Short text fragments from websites
▼

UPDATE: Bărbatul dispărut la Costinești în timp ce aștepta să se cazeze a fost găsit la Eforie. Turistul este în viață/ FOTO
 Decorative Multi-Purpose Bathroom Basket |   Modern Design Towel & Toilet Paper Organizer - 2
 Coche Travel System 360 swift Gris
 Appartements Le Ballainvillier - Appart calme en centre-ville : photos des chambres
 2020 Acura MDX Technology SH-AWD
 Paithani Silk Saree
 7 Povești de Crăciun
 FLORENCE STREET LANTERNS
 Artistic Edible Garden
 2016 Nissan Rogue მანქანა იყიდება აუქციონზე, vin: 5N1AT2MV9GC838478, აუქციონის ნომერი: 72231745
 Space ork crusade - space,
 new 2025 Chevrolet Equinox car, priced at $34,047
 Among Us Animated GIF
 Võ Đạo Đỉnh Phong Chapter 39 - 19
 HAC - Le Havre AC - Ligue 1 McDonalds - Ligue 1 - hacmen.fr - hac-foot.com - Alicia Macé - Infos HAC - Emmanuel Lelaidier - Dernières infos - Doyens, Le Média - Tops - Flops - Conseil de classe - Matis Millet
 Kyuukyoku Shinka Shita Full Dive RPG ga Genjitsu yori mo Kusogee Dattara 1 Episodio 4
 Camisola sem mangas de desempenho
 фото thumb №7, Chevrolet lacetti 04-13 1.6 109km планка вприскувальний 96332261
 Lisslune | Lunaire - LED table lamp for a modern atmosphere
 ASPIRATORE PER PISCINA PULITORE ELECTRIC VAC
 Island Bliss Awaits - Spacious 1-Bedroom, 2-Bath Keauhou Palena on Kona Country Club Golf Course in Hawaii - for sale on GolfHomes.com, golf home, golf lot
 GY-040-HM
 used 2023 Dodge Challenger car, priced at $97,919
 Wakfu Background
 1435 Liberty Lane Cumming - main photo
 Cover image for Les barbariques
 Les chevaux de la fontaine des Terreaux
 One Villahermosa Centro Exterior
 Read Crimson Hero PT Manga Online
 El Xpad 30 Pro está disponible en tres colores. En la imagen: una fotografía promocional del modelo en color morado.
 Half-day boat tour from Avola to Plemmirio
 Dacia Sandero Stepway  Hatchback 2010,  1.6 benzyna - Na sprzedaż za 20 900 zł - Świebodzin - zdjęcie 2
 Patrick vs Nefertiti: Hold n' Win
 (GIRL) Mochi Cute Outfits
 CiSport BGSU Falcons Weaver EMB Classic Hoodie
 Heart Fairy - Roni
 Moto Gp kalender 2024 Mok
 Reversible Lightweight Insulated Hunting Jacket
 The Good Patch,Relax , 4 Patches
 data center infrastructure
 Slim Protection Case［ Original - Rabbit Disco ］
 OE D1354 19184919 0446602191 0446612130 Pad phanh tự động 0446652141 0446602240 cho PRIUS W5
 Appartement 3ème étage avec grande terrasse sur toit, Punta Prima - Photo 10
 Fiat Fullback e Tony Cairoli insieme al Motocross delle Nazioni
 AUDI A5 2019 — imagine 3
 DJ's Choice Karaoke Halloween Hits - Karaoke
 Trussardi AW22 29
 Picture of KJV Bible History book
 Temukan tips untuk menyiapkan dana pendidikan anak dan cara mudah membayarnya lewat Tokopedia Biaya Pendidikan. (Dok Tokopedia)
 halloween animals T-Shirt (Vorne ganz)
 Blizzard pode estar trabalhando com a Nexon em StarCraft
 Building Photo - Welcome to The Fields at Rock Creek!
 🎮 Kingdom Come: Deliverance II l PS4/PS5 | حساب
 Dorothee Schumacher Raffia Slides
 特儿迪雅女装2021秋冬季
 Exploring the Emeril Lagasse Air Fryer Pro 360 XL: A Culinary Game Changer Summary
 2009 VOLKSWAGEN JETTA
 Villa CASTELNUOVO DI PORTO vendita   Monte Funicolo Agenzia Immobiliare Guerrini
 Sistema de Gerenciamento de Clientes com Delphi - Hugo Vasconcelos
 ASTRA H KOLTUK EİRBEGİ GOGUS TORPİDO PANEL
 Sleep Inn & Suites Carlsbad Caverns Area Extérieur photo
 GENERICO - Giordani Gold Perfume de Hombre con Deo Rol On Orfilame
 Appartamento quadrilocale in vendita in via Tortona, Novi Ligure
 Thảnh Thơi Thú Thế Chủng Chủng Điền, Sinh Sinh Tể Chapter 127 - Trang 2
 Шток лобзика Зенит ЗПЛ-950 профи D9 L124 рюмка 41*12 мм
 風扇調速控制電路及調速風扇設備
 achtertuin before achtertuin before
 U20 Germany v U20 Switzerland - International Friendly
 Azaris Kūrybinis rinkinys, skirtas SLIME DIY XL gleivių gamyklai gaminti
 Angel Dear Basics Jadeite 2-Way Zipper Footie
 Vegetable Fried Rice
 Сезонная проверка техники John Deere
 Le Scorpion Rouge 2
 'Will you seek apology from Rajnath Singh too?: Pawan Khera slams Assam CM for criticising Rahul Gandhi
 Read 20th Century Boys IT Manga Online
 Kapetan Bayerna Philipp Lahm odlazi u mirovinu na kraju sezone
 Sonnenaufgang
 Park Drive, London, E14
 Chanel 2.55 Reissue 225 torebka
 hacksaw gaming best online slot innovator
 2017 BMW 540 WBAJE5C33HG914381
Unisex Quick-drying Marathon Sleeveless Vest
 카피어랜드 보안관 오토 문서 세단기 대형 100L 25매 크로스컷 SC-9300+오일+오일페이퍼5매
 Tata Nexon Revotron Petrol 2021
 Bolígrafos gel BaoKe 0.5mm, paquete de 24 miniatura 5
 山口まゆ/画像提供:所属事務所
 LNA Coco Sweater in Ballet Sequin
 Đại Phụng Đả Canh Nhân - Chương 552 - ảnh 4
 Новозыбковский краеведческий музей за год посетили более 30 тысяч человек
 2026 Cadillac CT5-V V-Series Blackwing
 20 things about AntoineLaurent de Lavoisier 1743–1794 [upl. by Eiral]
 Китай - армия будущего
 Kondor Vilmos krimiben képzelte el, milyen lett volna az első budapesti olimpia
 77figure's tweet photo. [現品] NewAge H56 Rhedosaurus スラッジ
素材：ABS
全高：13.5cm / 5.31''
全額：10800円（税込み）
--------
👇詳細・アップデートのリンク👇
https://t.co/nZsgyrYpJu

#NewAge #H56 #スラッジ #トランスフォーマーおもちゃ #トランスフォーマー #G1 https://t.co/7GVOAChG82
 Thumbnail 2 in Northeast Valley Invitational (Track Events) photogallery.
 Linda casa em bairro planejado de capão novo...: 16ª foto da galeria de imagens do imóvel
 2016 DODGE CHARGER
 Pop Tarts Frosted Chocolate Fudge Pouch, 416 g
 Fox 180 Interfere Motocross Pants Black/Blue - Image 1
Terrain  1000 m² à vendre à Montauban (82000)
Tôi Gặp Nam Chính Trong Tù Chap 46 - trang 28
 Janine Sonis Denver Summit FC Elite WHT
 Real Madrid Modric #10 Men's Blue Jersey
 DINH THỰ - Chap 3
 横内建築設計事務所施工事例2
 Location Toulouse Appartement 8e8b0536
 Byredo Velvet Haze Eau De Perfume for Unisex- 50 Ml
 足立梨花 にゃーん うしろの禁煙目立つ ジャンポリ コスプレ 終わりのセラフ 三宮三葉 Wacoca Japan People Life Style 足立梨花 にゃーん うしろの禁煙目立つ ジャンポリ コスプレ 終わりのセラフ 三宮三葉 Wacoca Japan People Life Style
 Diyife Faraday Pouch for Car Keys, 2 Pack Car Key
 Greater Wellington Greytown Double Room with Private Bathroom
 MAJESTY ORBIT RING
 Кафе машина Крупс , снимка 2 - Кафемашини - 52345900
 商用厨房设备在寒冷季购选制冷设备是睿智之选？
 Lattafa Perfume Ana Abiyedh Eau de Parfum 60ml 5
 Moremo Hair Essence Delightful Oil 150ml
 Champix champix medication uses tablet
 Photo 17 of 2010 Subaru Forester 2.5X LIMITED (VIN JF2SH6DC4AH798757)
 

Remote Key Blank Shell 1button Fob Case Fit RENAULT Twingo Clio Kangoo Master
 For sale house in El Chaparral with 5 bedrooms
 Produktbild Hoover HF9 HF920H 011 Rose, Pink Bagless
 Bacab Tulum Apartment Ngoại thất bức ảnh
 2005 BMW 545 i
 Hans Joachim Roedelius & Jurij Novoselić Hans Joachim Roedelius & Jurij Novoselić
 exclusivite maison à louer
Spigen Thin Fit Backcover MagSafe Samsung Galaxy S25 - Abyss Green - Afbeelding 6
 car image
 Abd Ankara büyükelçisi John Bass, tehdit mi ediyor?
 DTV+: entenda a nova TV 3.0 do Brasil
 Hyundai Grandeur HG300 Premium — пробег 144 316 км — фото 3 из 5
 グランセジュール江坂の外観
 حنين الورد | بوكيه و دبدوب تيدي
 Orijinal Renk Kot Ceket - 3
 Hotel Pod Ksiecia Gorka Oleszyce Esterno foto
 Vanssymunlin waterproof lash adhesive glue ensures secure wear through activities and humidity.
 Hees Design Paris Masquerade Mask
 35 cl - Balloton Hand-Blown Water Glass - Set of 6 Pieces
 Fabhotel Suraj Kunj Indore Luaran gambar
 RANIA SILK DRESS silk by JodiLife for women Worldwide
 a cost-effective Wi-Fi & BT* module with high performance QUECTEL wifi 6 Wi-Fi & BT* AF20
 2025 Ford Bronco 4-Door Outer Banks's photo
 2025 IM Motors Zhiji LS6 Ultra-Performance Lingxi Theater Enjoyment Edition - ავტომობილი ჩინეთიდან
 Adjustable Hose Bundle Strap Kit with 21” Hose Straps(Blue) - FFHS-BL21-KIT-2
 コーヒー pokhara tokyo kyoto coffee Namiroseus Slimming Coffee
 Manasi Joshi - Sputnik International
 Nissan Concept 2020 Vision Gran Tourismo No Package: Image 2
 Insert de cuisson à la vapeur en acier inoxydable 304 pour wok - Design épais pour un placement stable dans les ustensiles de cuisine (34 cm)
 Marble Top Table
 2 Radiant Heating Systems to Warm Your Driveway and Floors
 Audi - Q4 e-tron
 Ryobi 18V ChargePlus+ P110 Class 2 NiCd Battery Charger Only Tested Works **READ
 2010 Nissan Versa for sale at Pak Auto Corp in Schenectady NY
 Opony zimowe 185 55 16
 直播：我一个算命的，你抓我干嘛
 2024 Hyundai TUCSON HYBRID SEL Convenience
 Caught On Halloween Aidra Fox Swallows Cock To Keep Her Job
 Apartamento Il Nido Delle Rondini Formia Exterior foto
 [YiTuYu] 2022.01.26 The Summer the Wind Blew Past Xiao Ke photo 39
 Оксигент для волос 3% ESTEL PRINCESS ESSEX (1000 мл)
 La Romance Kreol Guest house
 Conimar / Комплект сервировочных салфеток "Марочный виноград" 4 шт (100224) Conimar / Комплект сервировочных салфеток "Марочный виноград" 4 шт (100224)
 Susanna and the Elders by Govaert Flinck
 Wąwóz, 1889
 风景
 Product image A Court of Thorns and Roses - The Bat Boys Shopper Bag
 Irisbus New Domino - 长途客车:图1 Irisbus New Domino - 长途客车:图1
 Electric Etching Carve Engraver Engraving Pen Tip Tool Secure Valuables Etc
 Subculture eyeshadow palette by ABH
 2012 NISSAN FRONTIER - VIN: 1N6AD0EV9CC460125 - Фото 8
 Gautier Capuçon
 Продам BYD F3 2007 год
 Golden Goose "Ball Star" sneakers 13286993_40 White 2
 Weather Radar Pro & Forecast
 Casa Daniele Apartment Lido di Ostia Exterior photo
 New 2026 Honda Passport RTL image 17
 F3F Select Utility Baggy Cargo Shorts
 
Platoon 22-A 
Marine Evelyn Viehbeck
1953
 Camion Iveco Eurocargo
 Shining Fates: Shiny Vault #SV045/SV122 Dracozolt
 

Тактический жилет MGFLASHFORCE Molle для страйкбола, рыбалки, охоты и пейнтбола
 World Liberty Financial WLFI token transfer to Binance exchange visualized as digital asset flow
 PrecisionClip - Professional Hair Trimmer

▲

**ABOUT THIS TASK:** Among the entries above, the line containing "Among Us Animated GIF", the line containing "One Villahermosa Centro Exterior", and all lines between them are to be restated word for word; nothing else belongs in the reply.

**YOUR SOLUTION:**
 Among Us Animated GIF
 Võ Đạo Đỉnh Phong Chapter 39 - 19
 HAC - Le Havre AC - Ligue 1 McDonalds - Ligue 1 - hacmen.fr - hac-foot.com - Alicia Macé - Infos HAC - Emmanuel Lelaidier - Dernières infos - Doyens, Le Média - Tops - Flops - Conseil de classe - Matis Millet
 Kyuukyoku Shinka Shita Full Dive RPG ga Genjitsu yori mo Kusogee Dattara 1 Episodio 4
 Camisola sem mangas de desempenho
 фото thumb №7, Chevrolet lacetti 04-13 1.6 109km планка вприскувальний 96332261
 Lisslune | Lunaire - LED table lamp for a modern atmosphere
 ASPIRATORE PER PISCINA PULITORE ELECTRIC VAC
 Island Bliss Awaits - Spacious 1-Bedroom, 2-Bath Keauhou Palena on Kona Country Club Golf Course in Hawaii - for sale on GolfHomes.com, golf home, golf lot
 GY-040-HM
 used 2023 Dodge Challenger car, priced at $97,919
 Wakfu Background
 1435 Liberty Lane Cumming - main photo
 Cover image for Les barbariques
 Les chevaux de la fontaine des Terreaux
 One Villahermosa Centro Exterior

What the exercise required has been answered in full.